I linked up with Akon through an industry friend back in October 2003 in New York. He was just starting to promote his music; his first album wasn’t even out yet. My mate suggested we should work together and he (Akon) was down. It was about 6 months later that Akon recorded that song for me over a beat that I had sent him. The Joell mix was official. Joell was familiar with the track and got in touch with me and Akon about using it for his street album. We approved it and he went and did his thing. I like that version too.
Has it been hard trying to strike a balance between label head and artist?
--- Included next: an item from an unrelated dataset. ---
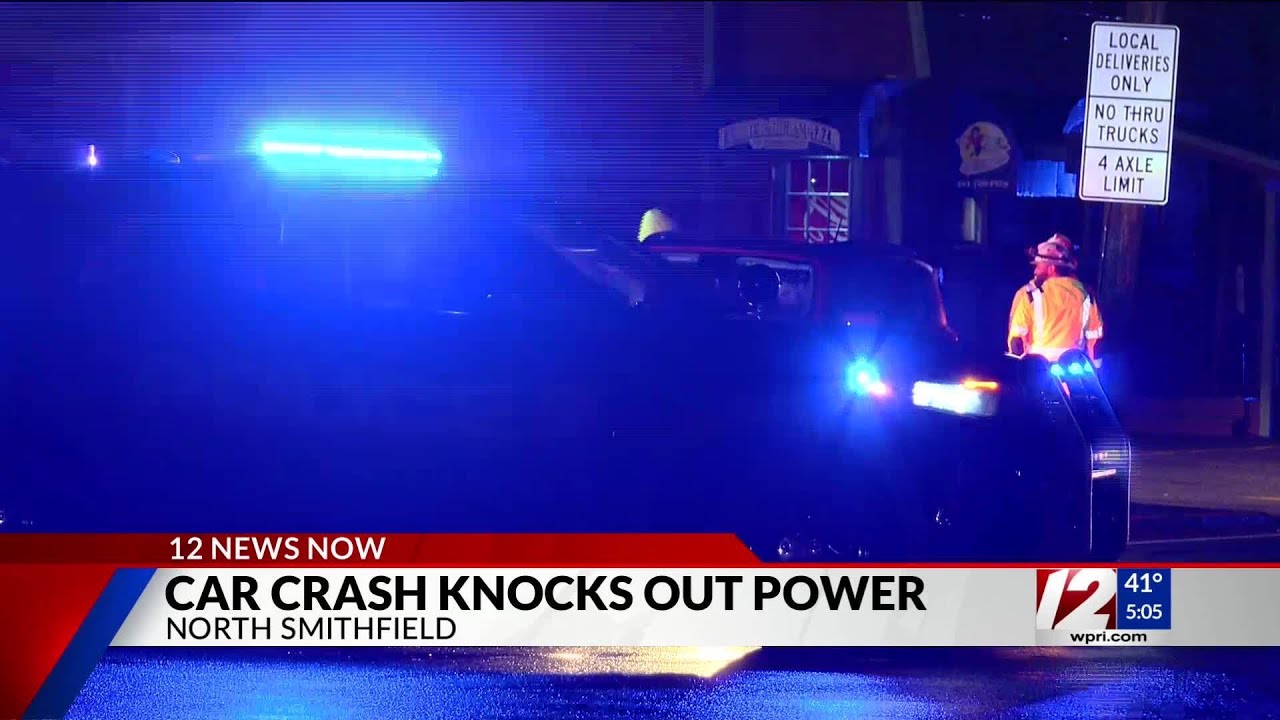 Crash knocks down 2 utility poles in North Smithfield - YouTube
The only hard thing has been with allocating time to my own musical projects. I feel an obligation to my artists so I often prioritise their projects ahead of my own. But at the core of it I’m a musician and I need to make music. I created the label to provide an opportunity for other acts to do their thing, not so I could be some big CEO/industry figure. I couldn't give a f**k about that.
What is the hip hop scene in NZ like right now (in a commercial sense)? Dawnraid folded, album sales are down, can hip hop be resurrected? And if so how do you think it can be achieved?
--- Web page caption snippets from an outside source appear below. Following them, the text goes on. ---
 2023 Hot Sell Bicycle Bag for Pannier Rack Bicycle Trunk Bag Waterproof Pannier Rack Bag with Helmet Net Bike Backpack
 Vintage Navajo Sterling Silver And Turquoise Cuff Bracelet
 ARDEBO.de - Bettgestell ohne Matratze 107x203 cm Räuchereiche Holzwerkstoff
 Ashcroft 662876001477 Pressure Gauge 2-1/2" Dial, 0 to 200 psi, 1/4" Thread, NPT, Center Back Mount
Well for one Dawnraid is back in business. Those dudes will always find a way. Good on them. Album sales are down across the board it’s certainly not just a hip-hop thing. The record industry as a whole needs a new business model. They can’t rely on CD album sales to prop up their businesses any longer. People will always want music, just not always on CD and in a traditional album format anymore. You gotta think creatively and earn your money from other areas. Those who make great music will prevail.
What music inspires you?
Great music inspires me. I’m a huge Timbaland fan. I think he’s the best producer of our generation. Classic funk, pop and soul inspires me. Isaac Hayes, Nile Rodgers, Quincy Jones, George Clinton, Marley Marl, Pete Rock, DJ Premier, the RZA, those guys are all inspirations.
What advice have you got for anyone thinking of getting into producing music?
Study music. Listen closely. Learn as much as you can and trust your instincts.
Who would you like to work with on future projects and productions?
Kanye West, Annie Lennox, Ghostface Killah, Lil Wayne, Connie, Fantasia & Nicole Scherzinger.
Freestyle Magazine is all about the Automotive lifestyle, what would be your ultimate ride?
Whatever the latest Benz is. With cream leather interior and a mean stereo system.
Top 3 beats you wish you made?
We Need A Resolution - Aaliyah (Produced by Timbaland).
We Gon’ Make It - Jadakiss (Produced by Alchemist).
Oh Boy - Cam’ron (Produced by Just Blaze).
Finally with the whole producer/rapper phenomenon going on these days (e.g Polow da Don, Kanye etc) are there any plans in the near future to start spitting on your tracks?
No plans as yet. I haven’t written a rhyme since I was like 18 or something. If I did do it I would probably be on the Swizz Beatz tip. Getting’ hype, doin’ the hooks and spittin’ other peoples raps (laughs).